How to Crack - The +ORC Lessons
Lesson #9.1 - How to Wincrack, Hands on
THE [DATA_CONSTRAINT] TRICK - [WINFORMANT 4]
I have chosen an older windows application for Win 3.1. (WIN4MANT.EXE, 562271 bytes, Version 1.10, by Joseph B. Albanese; you'll find it searching the web with the usual tools, see how to do it at the end of this lesson), in order to show you how to use a nice little trick, at times really useful in cracking password protected programs: [data_constraint]. Inside almost all protection routines, as you have already learned, there is a moment when on the stack the ECHO of the real, "correct" passnumber or password appears. The location of this ECHO varies, but most of the time it'll be in a range of +- 0x90 bytes from one of the locations where the user input dwells. This is due to datadump windows constraints inside the tools used by the protectionists... but this use is bound to diminish... especially after this lesson :=)
[WINFORMANT CRACKING]
This application is -per se- crappy, I doubt you'll ever use it... but its curious (and pretty rare) "deactivate" mode is nevertheless very interesting for us: you can "unregister" Winformant on the fly if you feel the need to.

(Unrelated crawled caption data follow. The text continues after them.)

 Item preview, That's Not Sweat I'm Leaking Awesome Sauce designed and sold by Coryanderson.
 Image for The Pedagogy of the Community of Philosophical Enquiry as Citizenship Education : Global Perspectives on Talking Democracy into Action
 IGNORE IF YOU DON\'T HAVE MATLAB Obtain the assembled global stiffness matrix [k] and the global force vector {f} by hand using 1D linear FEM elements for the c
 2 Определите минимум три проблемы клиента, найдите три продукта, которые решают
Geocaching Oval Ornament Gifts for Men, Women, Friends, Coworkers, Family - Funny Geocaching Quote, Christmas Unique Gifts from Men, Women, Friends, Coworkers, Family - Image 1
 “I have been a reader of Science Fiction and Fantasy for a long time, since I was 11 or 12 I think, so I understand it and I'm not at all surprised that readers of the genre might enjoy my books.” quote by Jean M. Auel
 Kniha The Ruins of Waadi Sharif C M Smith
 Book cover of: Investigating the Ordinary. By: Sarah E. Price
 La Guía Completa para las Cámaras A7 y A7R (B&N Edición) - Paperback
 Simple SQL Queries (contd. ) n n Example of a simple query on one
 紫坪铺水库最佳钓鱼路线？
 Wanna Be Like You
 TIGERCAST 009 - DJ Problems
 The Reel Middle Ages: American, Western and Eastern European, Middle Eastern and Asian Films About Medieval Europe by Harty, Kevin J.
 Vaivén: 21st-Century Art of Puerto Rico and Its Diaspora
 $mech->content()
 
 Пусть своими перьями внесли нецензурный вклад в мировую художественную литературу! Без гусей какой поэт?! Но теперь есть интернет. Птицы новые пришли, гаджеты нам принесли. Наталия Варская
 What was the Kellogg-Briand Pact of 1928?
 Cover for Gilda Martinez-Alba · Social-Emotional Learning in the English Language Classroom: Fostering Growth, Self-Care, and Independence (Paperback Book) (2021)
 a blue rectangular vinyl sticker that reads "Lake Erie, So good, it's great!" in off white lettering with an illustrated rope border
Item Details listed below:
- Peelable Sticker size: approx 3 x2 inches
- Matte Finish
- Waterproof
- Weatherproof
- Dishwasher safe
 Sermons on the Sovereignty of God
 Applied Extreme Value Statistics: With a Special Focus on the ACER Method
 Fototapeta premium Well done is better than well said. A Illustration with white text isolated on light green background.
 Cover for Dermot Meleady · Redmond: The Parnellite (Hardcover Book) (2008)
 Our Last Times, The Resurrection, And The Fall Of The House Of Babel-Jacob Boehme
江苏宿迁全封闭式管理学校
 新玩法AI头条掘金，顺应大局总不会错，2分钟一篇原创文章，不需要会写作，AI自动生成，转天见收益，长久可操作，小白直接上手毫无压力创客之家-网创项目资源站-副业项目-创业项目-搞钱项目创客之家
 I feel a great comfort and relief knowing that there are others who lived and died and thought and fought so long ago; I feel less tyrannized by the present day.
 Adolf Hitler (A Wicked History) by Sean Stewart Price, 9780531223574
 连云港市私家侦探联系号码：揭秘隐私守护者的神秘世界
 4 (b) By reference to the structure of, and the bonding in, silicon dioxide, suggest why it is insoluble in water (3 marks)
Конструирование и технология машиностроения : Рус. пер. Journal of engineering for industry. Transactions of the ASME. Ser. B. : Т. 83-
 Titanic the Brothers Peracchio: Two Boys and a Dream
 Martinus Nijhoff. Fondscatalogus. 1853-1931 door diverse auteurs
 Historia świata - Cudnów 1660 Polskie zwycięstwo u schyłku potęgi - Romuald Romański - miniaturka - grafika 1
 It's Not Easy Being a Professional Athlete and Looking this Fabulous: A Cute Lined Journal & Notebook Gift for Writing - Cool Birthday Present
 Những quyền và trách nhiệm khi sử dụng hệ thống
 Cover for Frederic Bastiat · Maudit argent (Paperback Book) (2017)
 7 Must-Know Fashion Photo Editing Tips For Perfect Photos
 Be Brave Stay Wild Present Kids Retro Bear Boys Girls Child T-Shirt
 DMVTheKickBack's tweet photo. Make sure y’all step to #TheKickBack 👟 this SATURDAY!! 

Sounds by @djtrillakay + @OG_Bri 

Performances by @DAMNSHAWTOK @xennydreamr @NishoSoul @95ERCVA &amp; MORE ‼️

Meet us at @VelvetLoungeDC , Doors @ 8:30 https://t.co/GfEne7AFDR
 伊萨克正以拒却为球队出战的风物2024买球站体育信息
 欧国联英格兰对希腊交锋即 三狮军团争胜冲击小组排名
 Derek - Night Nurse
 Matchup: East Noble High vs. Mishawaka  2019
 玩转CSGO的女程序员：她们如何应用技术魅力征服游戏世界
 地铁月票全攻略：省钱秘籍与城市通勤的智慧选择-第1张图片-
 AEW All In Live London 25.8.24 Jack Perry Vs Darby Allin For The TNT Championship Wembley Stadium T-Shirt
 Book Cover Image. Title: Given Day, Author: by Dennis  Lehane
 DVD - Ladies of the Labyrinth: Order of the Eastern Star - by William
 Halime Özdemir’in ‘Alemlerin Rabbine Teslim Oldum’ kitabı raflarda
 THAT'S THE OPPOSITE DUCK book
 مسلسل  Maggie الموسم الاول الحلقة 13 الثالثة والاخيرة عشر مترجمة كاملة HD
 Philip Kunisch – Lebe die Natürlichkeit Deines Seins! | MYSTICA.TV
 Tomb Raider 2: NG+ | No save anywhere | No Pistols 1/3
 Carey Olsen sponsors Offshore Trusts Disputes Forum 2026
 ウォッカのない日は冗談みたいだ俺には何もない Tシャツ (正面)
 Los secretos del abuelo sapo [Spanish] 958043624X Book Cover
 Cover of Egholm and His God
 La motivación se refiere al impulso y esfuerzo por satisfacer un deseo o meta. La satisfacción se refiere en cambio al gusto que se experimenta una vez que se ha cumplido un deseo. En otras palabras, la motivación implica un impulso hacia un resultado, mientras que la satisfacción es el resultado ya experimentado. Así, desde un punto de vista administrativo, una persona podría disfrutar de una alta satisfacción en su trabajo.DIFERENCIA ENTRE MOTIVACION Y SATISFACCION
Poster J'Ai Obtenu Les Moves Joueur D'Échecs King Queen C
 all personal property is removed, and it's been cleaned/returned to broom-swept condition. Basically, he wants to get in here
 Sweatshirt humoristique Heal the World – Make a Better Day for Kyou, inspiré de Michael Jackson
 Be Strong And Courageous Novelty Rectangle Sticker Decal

This feature is pretty useful for scholars that like to investigate password algorithms with valid and invalid codes without having to reinstall every time to delete a valid code. For your cracking exercises choose programs that have "REVERSIBLE" protections (rare) or that can be re-registered a billion times (more frequent). Programs that keep the valid registration on *.ini or special files will also do the job: you just change a couple of lines to "unregister" them.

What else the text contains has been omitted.